In a race against time, how far are you willing to go in order to survive? This is the question that Impact Winter ask you time and time again, as the clock ticks and you’re forced to make difficult choices.
Impact Winter is a survival game that leaves you scavenging for resources in a frozen wasteland, after the Earth is struck by an asteroid. You play as Jacob Solomon, leading a group of survivors, holed up in a church. A robot, Ako-light, detects a mysterious transmission that says a rescue operation will take place in 30 days. And that’s your mission – keep everyone alive for the next 30 days.
In order to look for supplies, Jacob needs to leave the safety of the church and face the frigid winds. Now this wouldn’t seem much of a problem, but each member of the group has different levels that need to be kept in check, including health, morale, energy, temperature and thirst. You have to constantly juggle between the members, trying to keep them all alive while exploring the wasteland and completing the missions at the same time. This keeps your mind occupied and anxious for most of the time, as you keep trying to think of your next move.

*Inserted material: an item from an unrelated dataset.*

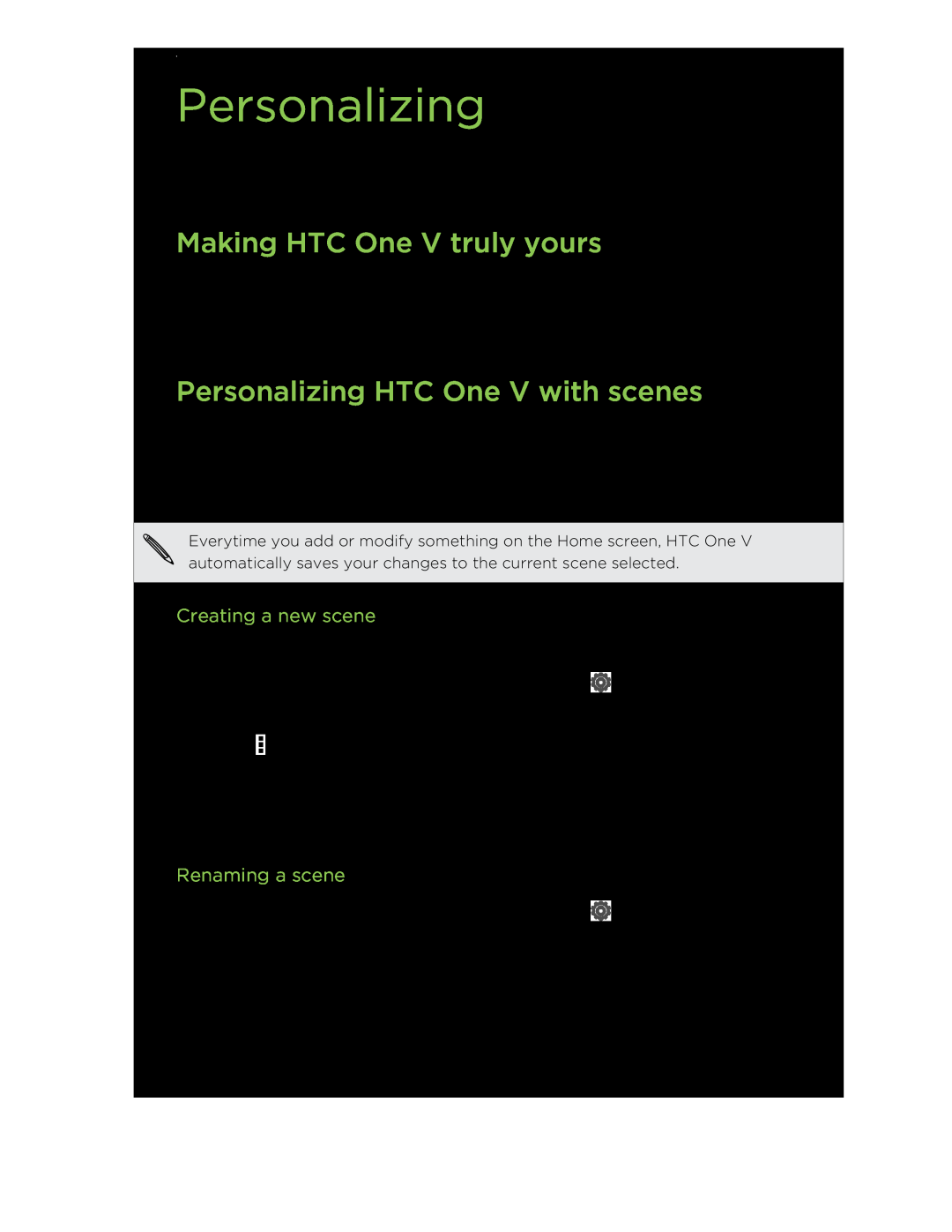 HTC C3HTCONEV4GBUNLOCKEDBLACK Making HTC One V truly yours, Personalizing HTC One V with scenes, Creating a new scene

The world in itself is quite gloomy. You come across remnants of what the place used to be before the calamity struck, which you can also use as landmarks to ease your navigation. There’s a sense of impending doom and every moment seems ominous, which is complemented by the soundtrack, creating tension and anxiety.
A majority of time in Impact Winter is spent exploring the Void (as the wasteland is known). There are certain tasks that would feel like a chore normally, like trekking through the snow for 10 minutes just to get a little food and fuel and then making your way back in order to keep the people warm and fed. But here, you feel driven to perform these tasks again and again, due to the seriousness and intensity of the situation. You’re constantly forced to think about what to gather and bring back as your inventory space is limited. There’s no fast travel either, which leaves you wondering whether the choices you make along the way will work out in your favour or not. That, added to the responsibility of keeping your group alive and sane is enough to have you pull your hair in anxiety.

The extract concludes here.